I never make a big deal out of it, I usually push him down onto the bed and 69 if his timing was unfortunate. If not just kiss and touch each other, perhaps fondle the offending region and see if it springs back. Lots of coaxing and trying not to pressure him really.


----------



## Sunshine1234 (Aug 20, 2012)

For ths problem, we just started inviting others into the bedroom. My husband just looooooves to watch now and we're both happy. I can personally recommend them to you if you are interested. Their names are Mr. Hitachi M. Wand and Dr. Rabbit. Ok, the Rabbit is not a doctor but you could pretend. 

Seriously, vibrators.... woohoo!!! Now we have some colorful Doc Johnson ****rings coming in the mail this week and I can let you know if those work.


----------



## OhhShiney (Apr 8, 2011)

Good of you to avoid pressuring him. You sound as if you sincerely care. ANY hint of pressure to perform can be enough to induce ED problems.

I know that with me, I need more direct stimulation than I used to - so keeping at it even when it seems a lost cause can be very helpful. (I wish my wife would stick with things sometimes. She has a tendency to try to jump right into things quickly, before I'm ready and then roll over if I soften up even a little.
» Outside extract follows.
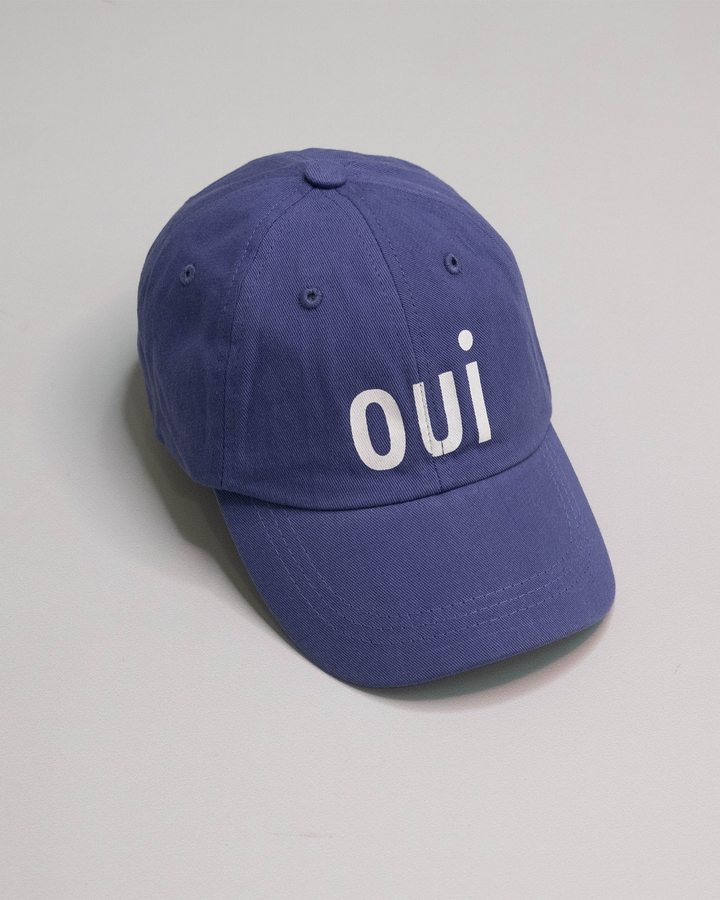 Gorra azul oscuro con gráfico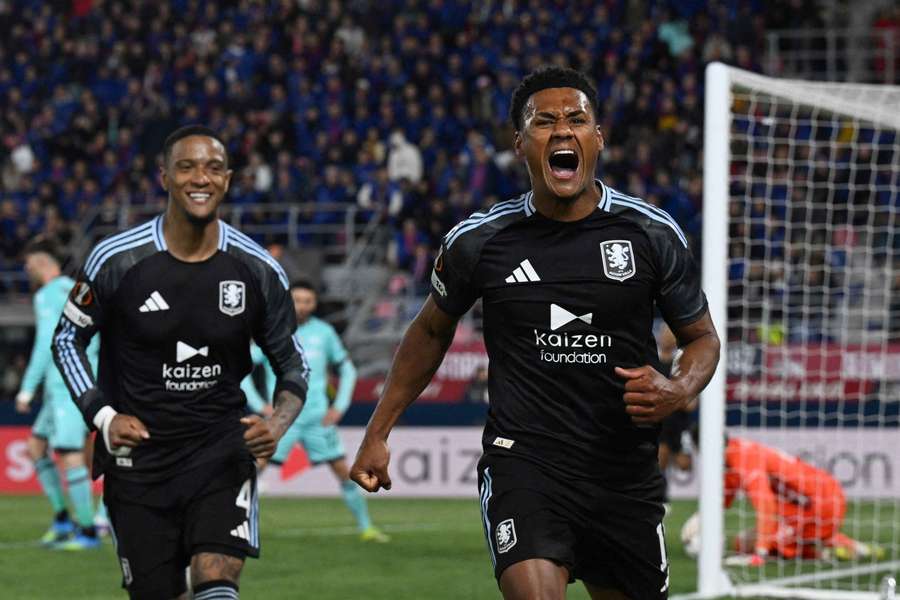 Watkins pomohl dvěma góly k vítězství Aston Villy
I fully understand that ED can make it seem as if someone is "not interested," but that's not always the case. It can mean that your not quite ready yet.) 

The reverse can also be true -- I can lose steam if it seems my partner is not turned on. This can be a catch-22, especially as you age. It's more difficult for women to lubricate and for men to get hard, so some outward signs of excitement are lacking. Ironically, in my situation, my wife may not get wet until I'm hard, and I may have not get rock hard unless she's wet. 

All of this goes back to my first point -- patience and direct stimulation go a long way.

The best technique we've found to aid this is to try some techniques that may be considered "tantric," and to take the emphasis off of orgasms with every encounter.

We can spend a LONG time kissing, inhaling each other's breath, lightly touching each other all over, sometimes never anywhere near the usual sexual hot-spots. And, again, taking emphasis off of pressure to perform or complete an orgasm. Sharing each other's breath, matching breathing, inhaling when your partner exhales, etc. Just feeling the warmth, enjoying the aromas, and focusing on all the sensations. 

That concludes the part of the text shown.